ANNs can be utilized to make both qualitative and quantitative predictions for both classes of HLAs. Reliable performances have been achieved regarding this method. It is still under active development and improvement on quite a few servers including IEDB and NetMHCpan/NetMHCIIpan. However, ANNs require a fixed number of input neurons; therefore, peptides of various lengths need to be proceeded with extra processes to have a fix-length sequence.

Decision tree

The decision trees are a group of splitting tree structure constructed from the training samples.44 The splitting rules are determined from the training process. When a new sample arrives, it undergoes a flowchart-like structure and finally reaches a classification prediction. It was first introduced to make predictions for HLA-A*02:01 in 1999.45 Zhu et al implemented a C4.5 decision tree classifier to identify peptide binding for 16 HLA-A alleles.46

The decision trees are easier to interpret than ANNs due to their rule-based nature. Though this method is widely used in the machine learning field, it is less implemented in predicting HLA–peptide binding.18,44

Hidden Markov model

As a widely used method for pattern recognition, HMMs have been utilized for HLA–peptide binding predictions. In an HMM, a peptide is converted to different states for different positions. At each position or state, the probabilities of amino acids are calculated, and a final value is given by combining all the probabilities. There are different ways to construct HMMs, including fully connected HMMs,47 HMMs optimized with successive state splitting algorithm,48 and profile HMMs49 that can merge overlapping patterns.
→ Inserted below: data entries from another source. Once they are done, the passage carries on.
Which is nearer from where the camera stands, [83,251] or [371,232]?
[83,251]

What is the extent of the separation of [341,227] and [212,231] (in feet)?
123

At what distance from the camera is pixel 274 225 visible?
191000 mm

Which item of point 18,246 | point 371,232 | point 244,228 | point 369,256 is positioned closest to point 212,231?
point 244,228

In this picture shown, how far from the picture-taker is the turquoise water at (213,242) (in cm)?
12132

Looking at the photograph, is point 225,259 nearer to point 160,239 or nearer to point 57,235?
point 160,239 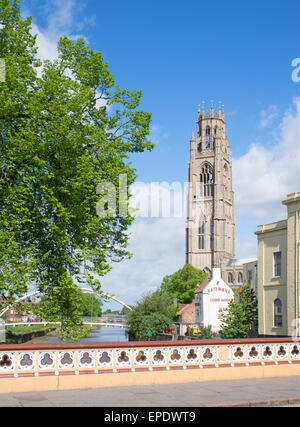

HMMs have the advantage of processing peptides with various lengths; however, different HMMs have to be developed separately for binders and nonbinders. Due to the model separation, HMMs have been developed only for a very limited number of HLAs.

Regression

Regression models have been developed for quantitative predictions of HLA–peptide binding. MHCPRED implemented a QSAR regression to predict HLA–peptide binding affinity.50 In this method, individual amino acid contributions at each position are calculated using partial least squares. SVRMHC utilized support vector regression (SVR), a regression derivative of SVM, for quantitative predictions.51 Multiple instance learning (MIL) and its regression derivation, multiple instance regression (MIR), were also used to predict HLA–peptide binding in MHCMIR/MHC2MIR.52,53

Regression models have the advantage of making quantitative predictions, which not only identify whether a peptide is a binder or nonbinder toward an HLA but also tell how strong the binding is. However, to make an accurate quantitative prediction can be more challenging than to make a qualitative one.

Support vector machine

The SVM creates a hyperplane in the high-dimensional space of training data to classify them into different groups. SVM has been used by a few servers for HLA–peptide binding prediction including MHC2PRED,54 MULTIPRED,55 SVMHC,56,57 Prediction Of Peptide Immunogenicity (POPI),58 and Kernel-based Inter-allele peptide binding prediction SyStem (KISS).59 The quantitative derivative of SVM was implemented by SVRMHC as we mentioned before.51

SVM usually achieves a high accuracy.60 Similar to ANN, SVM requires a fixed dimension or length of input data, limiting its applicability. However, Salomon and Flower proposed a kernel method derived from SVM that can handle peptides with various lengths using similarity scores.61

Consensus method

A consensus method uses a combination of the predictions from its component models. Each of the component models first makes a prediction separately and the final prediction is then made considering all the predictions from the component models. IEDB recommended a consensus approach on its server.35,62,63 In IEDB, the binding prediction is made from four PSSM-based models for Class I HLAs, while for Class II HLAs, the result comes from nine models including several PSSM-based models and machine learning models. Three machine learning models (QSAR regression-based MHCPRED,50 SVM-based MHC2PRED54 and SVR-based SVRMHC51) were utilized by IEDB for HLA–peptide binding prediction. When predicting a HLA–peptide binding, not every model is able to return a value. However, if three or more models provide predictions, the three top-performed models are selected and the median value is used as the final consensus score. A similar consensus approach was implemented by NetMHCcons64 that combines ANN-based NetMHC, NetMHCpan, and PSSM-based PickPocket. Instead of median values, NetMHCcons uses the average log-transformed values as the final prediction scores.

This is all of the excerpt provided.